Henderson’s first law of econometrics reads:
When you read an econometric study done after 2005, the probability that the researcher has failed to take into account an objection that a non-economist will think of is close to zero. (Source)
I dare to propose a similar law for machine learning:
When an economist reads (and understands) an empirical machine learning study done after 2022, the probability that they will think of an objection that the researcher has failed to take into account is close to one.
And why is that? Because the two fields treat empiricism in opposite ways. Econometrics was forged in the crucible of skepticism. Every paper is a defensive war against omitted variables, selection bias, and endogeneity. Its practitioners have been trained to see identification not as a formality, but as a matter of survival. Sit in on one of their seminars, and you’ll witness the kind of interrogation that, in Computer Science, would pass for an ambush.

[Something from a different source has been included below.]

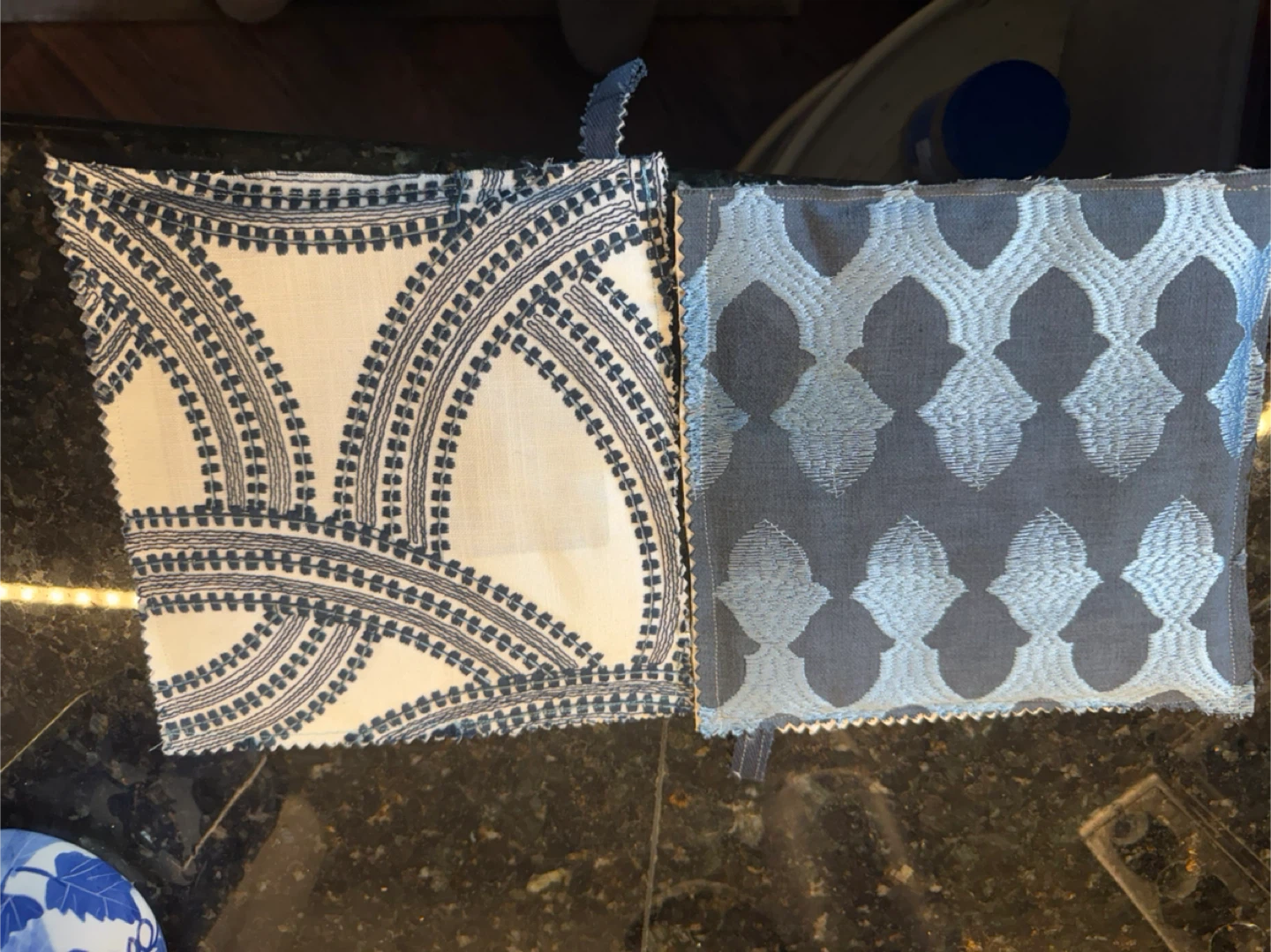 🥕Handmade Blue & White Pot Holders (Set of 2) - photo 3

In machine learning, by contrast, the prevailing norm is demonstration, not falsification. Success is typically measured by predictive performance on a benchmark, rather than by causal clarity or robustness to alternative specifications. Yet, papers in machine learning increasingly treat models as behavioral systems to be studied experimentally (“Can Large Language Models…”). These papers make causal claims about systems—about how model behavior changes with prompts, environments, or training regimes—yet they timidly engage with the identification concerns that would accompany such claims in the empirical sciences.

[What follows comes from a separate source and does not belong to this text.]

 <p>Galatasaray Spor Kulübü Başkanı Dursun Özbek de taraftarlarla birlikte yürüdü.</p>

This is not a machine learning problem alone—it permeates Computer Science, from HCI to Security and Privacy. Perhaps the reason lies in the field’s origins: a discipline born from the union of system building and theorem proving, where progress is demonstrated through construction, not systematic observation.

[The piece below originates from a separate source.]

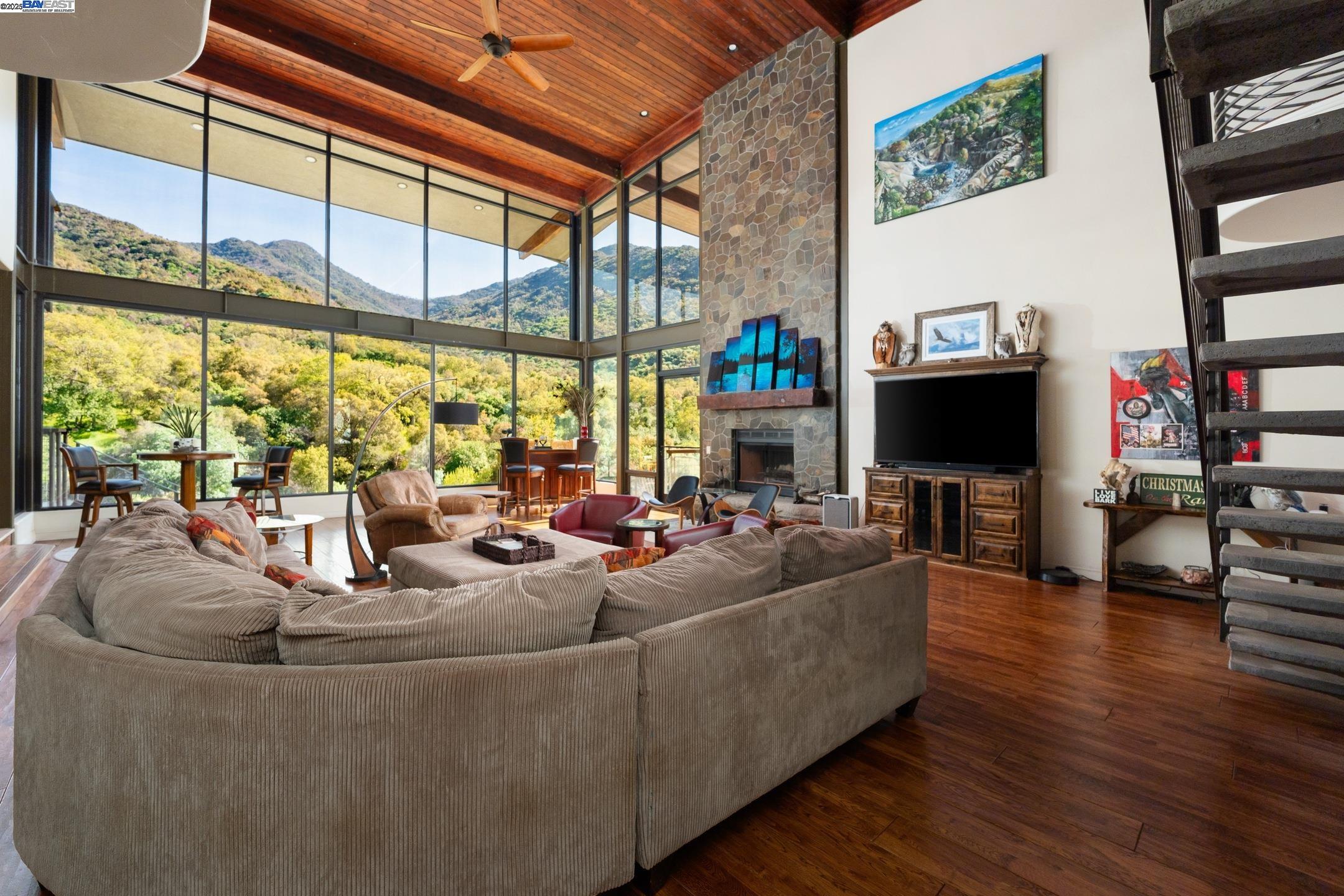 Detail Gallery Image 13 of 60 For 48250 S Fork Dr, Three Rivers,  CA 93271 - 4 Beds | 3/1 Baths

So what? I don’t envy economists who spend five years publishing a paper. But I do believe Computer Science would benefit from adopting more of the empirical culture found in disciplines like economics and political science. The easiest place to start is education. Next semester, I’ll be teaching a graduate seminar titled Empirical Research Methods for Computer Science, partly because I want my students to have these tools—and partly because I want to ask a deeper question: what should the core empirics curriculum of Computer Science look like?
Below is my sketch, which I've spent a week working on.
First, we need to provide students with a vocabulary for causality. Many of the questions that computer scientists now confront—Does fine-tuning a model change its fairness? What is the effect of personalization on engagement?—are fundamentally causal questions. Yet few students have the conceptual tools to pose these questions precisely, let alone to answer them. Our students need a version of this material focusing on how to design credible experiments, reason about identification, and interpret evidence with humility.
Second, we need to teach students about regression. But not as a tool for prediction, as it is taught in machine learning courses. We need to teach them regression as a tool for inference: a way to estimate relationships, test hypotheses, and reason about uncertainty. Computer science students rarely learn to read a regression table, let alone to interrogate one. Yet these habits—thinking in terms of confounders, robustness checks, and sensitivity analyses—are what make empirical results interpretable and cumulative.
Third, we need to teach students about benchmarks. Benchmarks have long served as the de facto empirical infrastructure of Computer Science. Yet few students are ever taught to think critically about them. What does a benchmark actually measure? When does improving performance reflect genuine scientific insight, and when does it reflect overfitting to a proxy task? Treating benchmarking as a scientific problem in its own right—concerned with validity, reliability, and construct design—would help students see that measurement is a form of theorizing about the world.
Fourth, we need to teach students about experimental design in the age of Computer Science. Our field now runs experiments at a scale and speed unimaginable in most other sciences, yet the principles remain the same: randomization, power, validity, and ethics. Students should learn how to design credible experiments, estimate statistical power, and ensure data quality in online settings—from platforms like Prolific to in-product A/B tests. These practices are not bureaucratic hurdles; they are what make empirical claims reproducible and trustworthy.
None of these things is “hard,” and good material exists for a lot of them. Brady Neal has a great course on causal inference; Moritz Hardt has an upcoming book on benchmarks; and some recent Economics textbooks provide a very gentle introduction to causality and quasi-experimental methods. Yet for empirical rigor to take root in Computer Science, it needs to become part of how we train students to think—not just a set of optional skills. We need to signal that understanding identification, regression, and experimental design is as fundamental to being a computer scientist as knowing how to optimize an algorithm or prove a theorem. Only then can our field move from demonstration to explanation, and from performance to understanding.